## DATA RECORDS

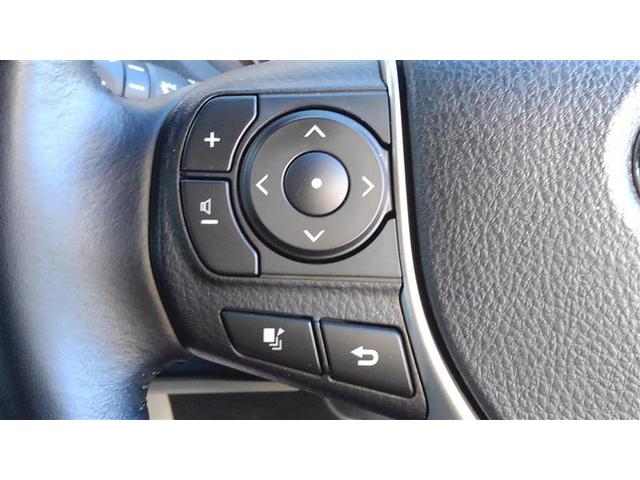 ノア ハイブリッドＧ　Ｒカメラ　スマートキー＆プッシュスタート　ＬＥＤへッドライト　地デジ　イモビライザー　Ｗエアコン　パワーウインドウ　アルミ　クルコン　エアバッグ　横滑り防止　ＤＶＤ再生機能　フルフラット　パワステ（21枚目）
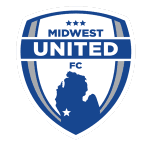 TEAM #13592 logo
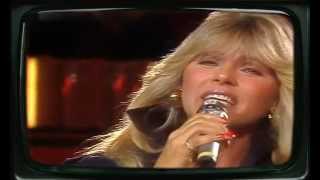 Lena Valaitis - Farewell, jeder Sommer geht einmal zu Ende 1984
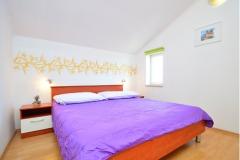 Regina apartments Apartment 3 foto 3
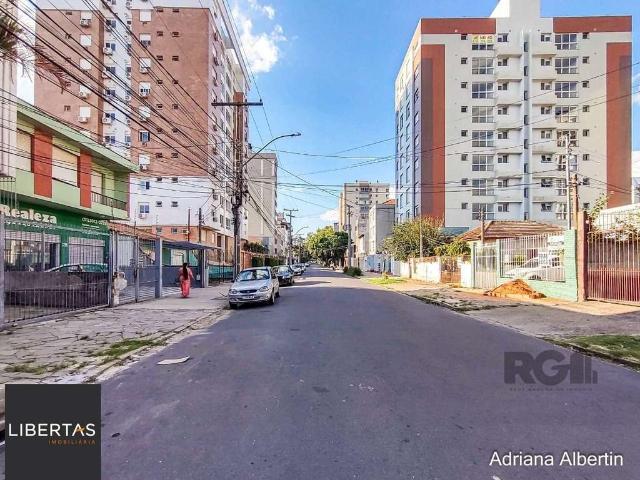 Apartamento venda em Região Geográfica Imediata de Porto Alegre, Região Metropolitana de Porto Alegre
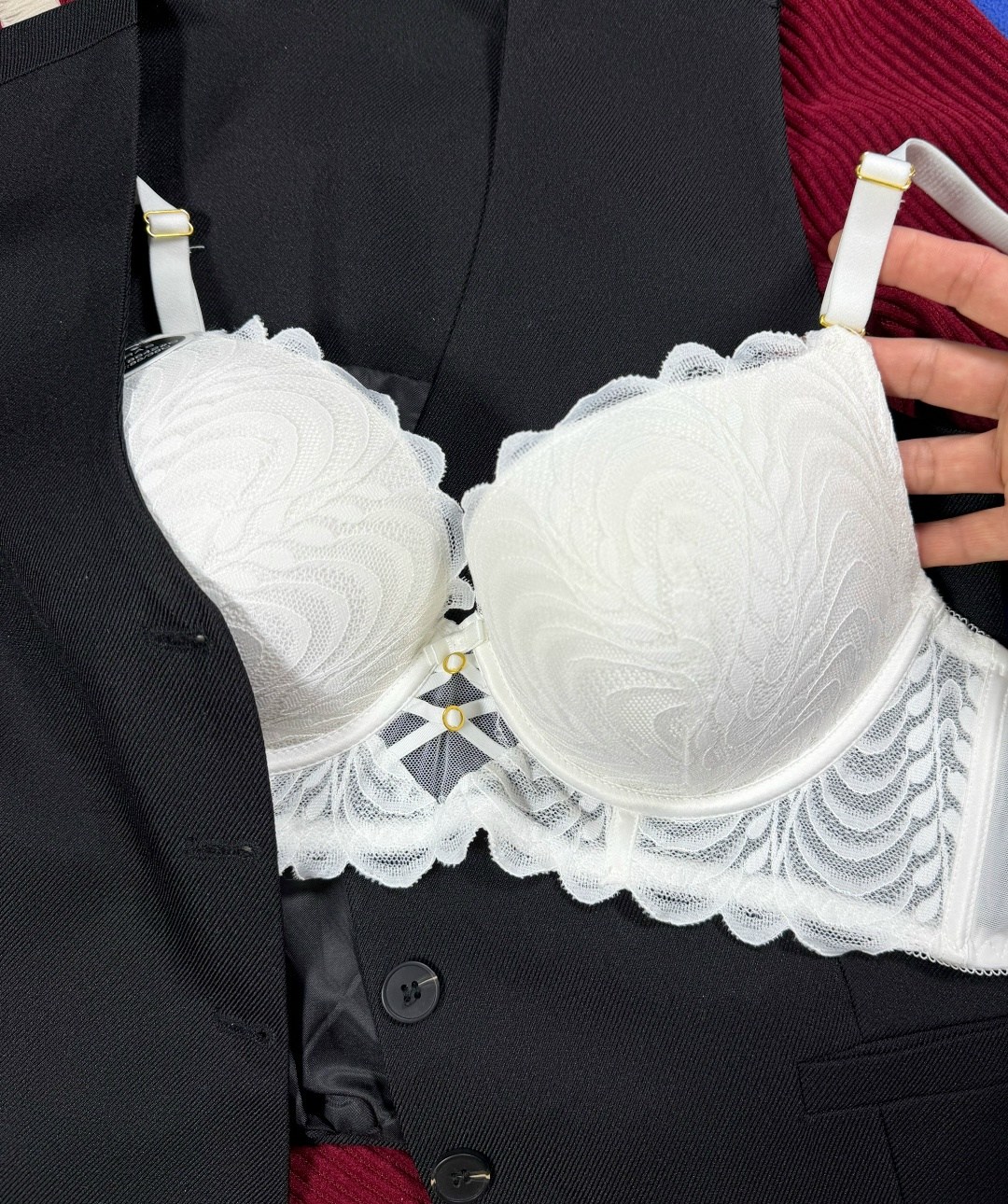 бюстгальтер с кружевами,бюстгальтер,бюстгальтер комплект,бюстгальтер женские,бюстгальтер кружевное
--
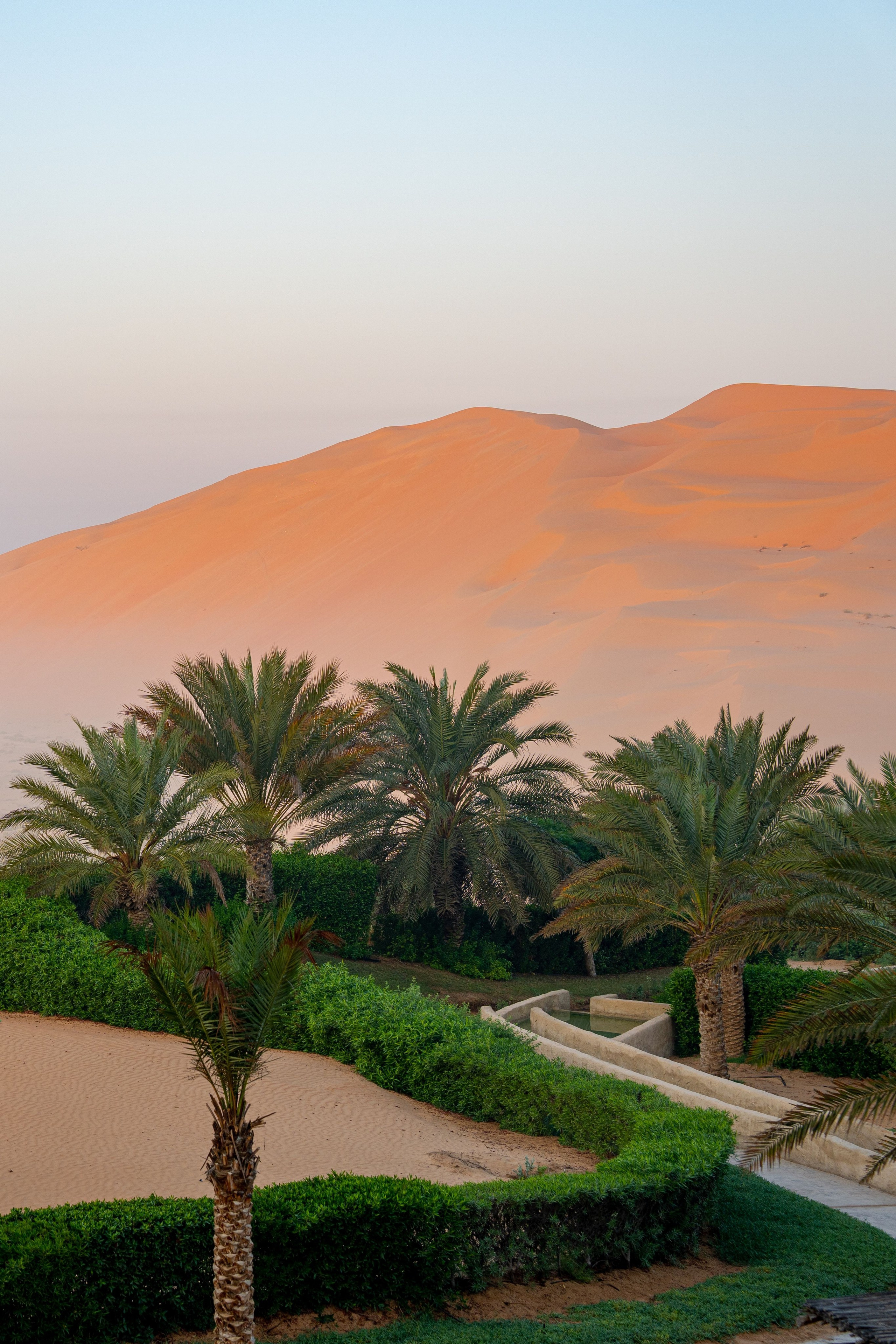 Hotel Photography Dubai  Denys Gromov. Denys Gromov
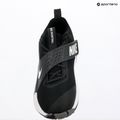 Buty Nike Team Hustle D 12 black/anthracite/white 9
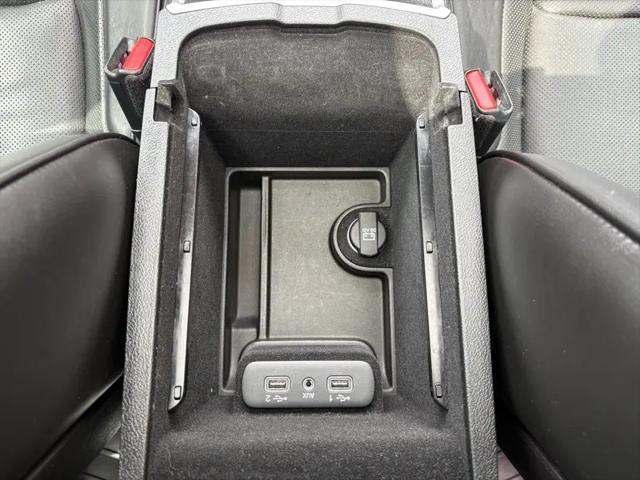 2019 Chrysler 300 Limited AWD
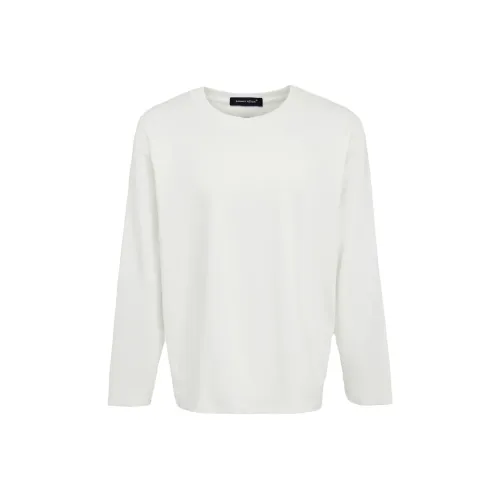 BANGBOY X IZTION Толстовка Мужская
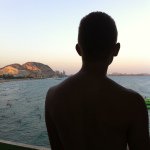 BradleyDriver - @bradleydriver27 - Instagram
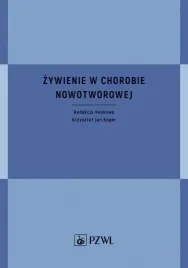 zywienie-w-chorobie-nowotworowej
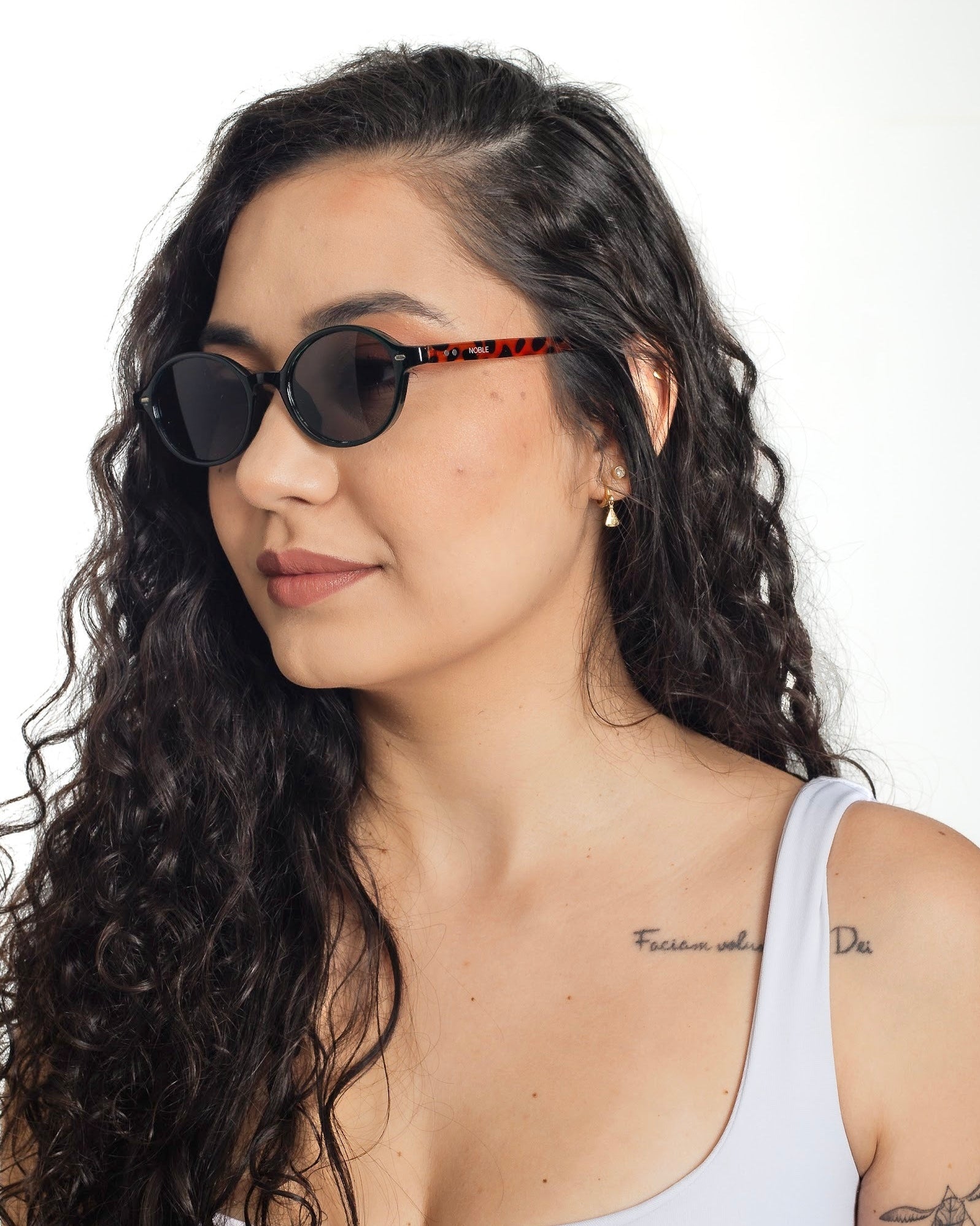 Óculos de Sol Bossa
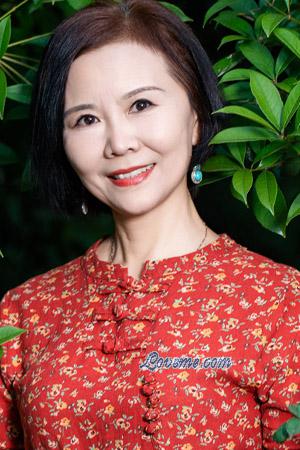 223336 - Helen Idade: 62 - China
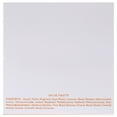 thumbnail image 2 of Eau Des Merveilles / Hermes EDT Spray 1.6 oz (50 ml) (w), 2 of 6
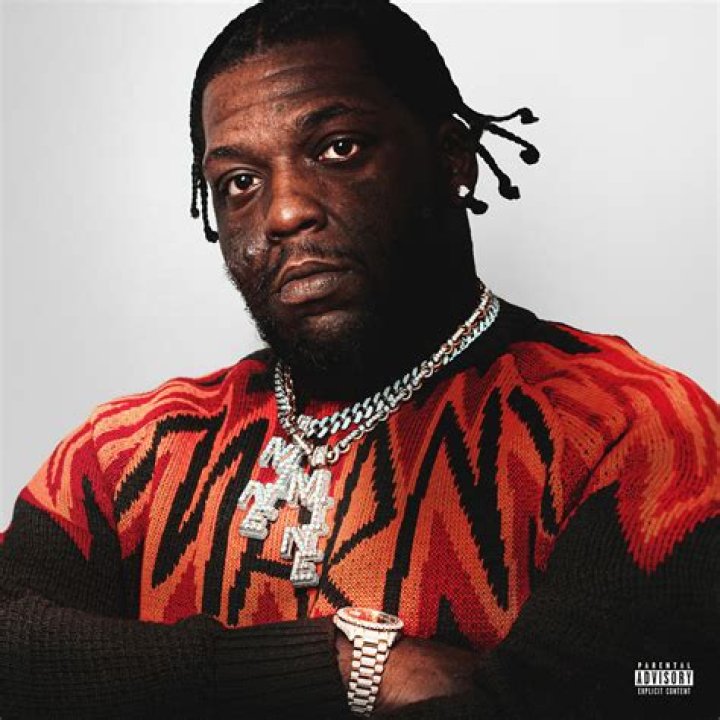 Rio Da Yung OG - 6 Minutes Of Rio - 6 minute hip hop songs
* * *
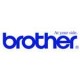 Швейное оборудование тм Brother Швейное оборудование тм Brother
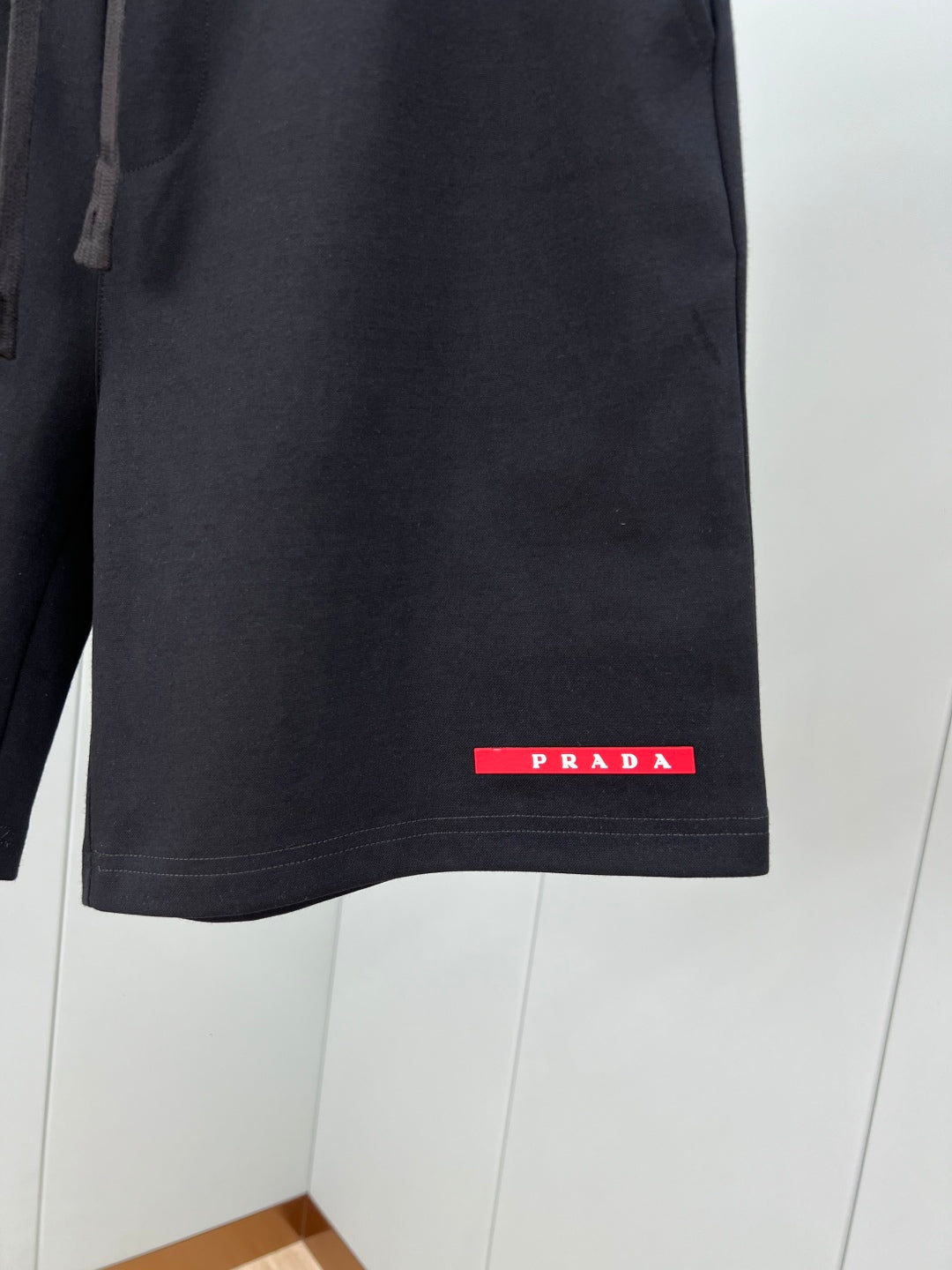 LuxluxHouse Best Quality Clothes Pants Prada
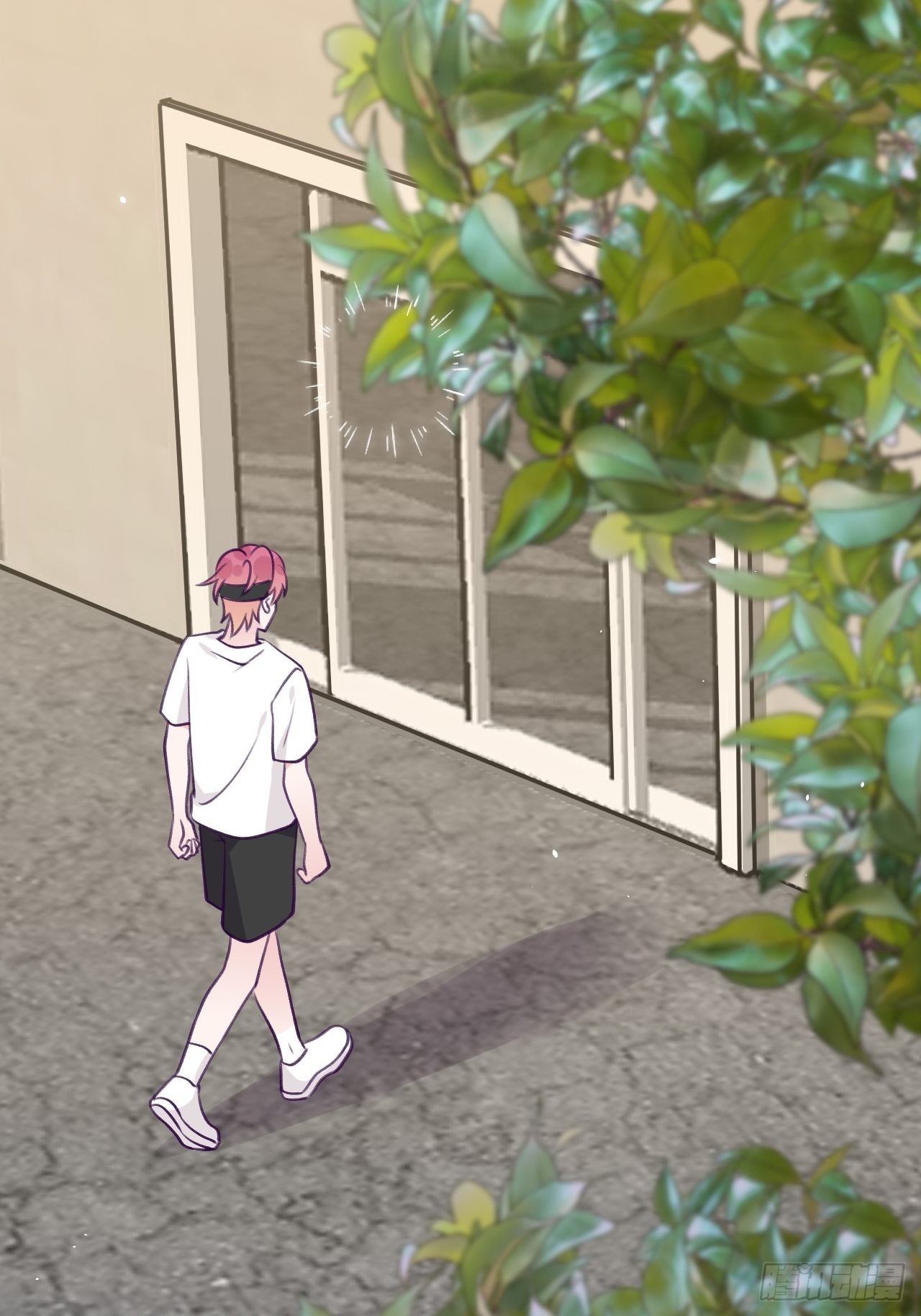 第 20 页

## WORK REQUIRED
Going by the entries above, repeat exactly the lines that start at the line with "Apartamento venda em" and go on through the line with "бюстгальтер с кружевами,бюстгальтер,бюстгальтер". Pictures are not part of the copy.

## REPLY TO THE EXERCISE
 Apartamento venda em Região Geográfica Imediata de Porto Alegre, Região Metropolitana de Porto Alegre
 бюстгальтер с кружевами,бюстгальтер,бюстгальтер комплект,бюстгальтер женские,бюстгальтер кружевное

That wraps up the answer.